If your instructor only said "it won't climb with 25 degrees of flaps" I'd bet a million dollars he meant it wouldn't climb good enough, or that there's no good reason not to get max climb out of it. If you hadn't noticed, things are often simplified (maybe oversimplified) in flight instruction to make sure the point is driven home. If he'd said "with 25 degrees of flap deflection, the aircraft will climb at a vertical speed as low as three fifths of the possible climb rate available with the flaps retracted," I would have tuned his ass out around word #3, I'm flying an airplane. And many other students would just nod along, afraid to mention that they have no idea what their instructor just said. If you learn better with more articulate discussion, let him know. That's the kind of thing that will help his ability to teach you.

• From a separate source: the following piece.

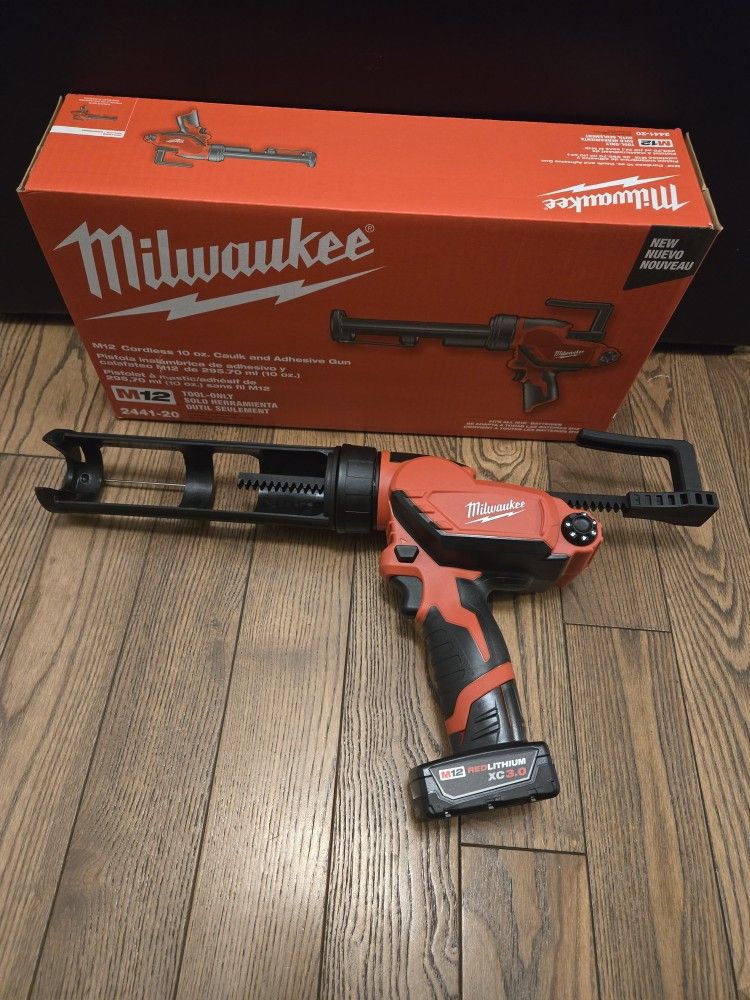 Milwaukee caulking gun+ battery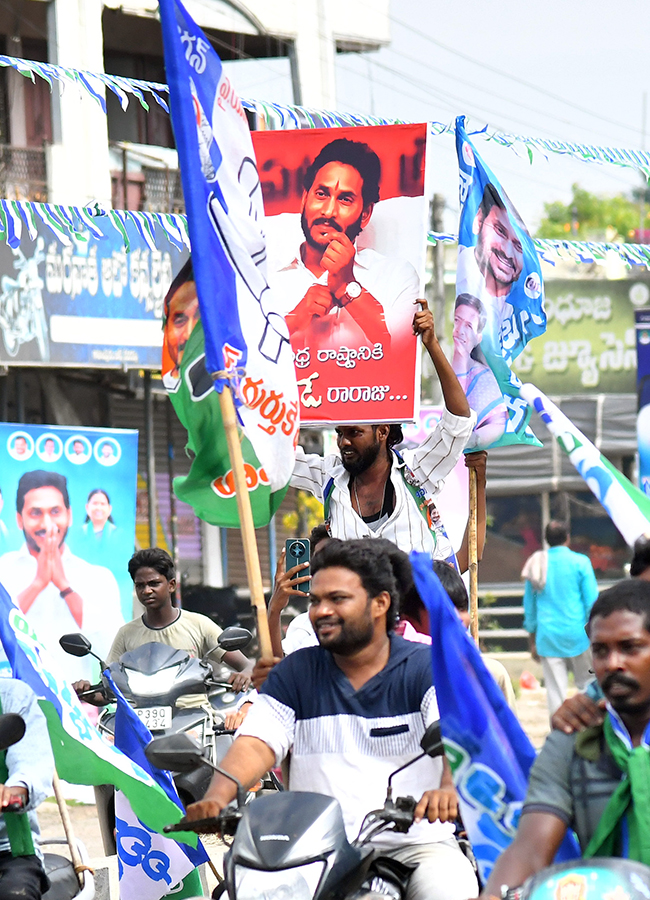 YS Jagan Mohan Reddy Visited Devarapalli in East Godavari37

Will a 172 climb with a 20 degree flap takeoff? Of course. Will it climb 400 lbs overweight? At a low enough field, sure. A guy at boundary bay took off in a 172 with both 20 degrees flap and 400 lbs more weight than gross, his plane climbed -- it climbed just high enough to kill his 3 passengers after he stalled it by desperately raising the nose trying to get a better climb. There are reasons they keep things simple, so that everyone definitely understands a safe way to fly for the time being.

To add to that, one of the things the CFI at my school always says is "we're not teaching you to fly a cessna, we're using a cessna to teach you how to fly." My point being: maybe he's just trying to instill good practice on a general scale, something you can take away from your training. It's like that in almost every field - learn the basic ideas first then go onto more specific knowledge.

edit to add: if you're on a touch and go, on the runway, in a 172, 20 feet in front of you = .2 seconds away from you. uh oh!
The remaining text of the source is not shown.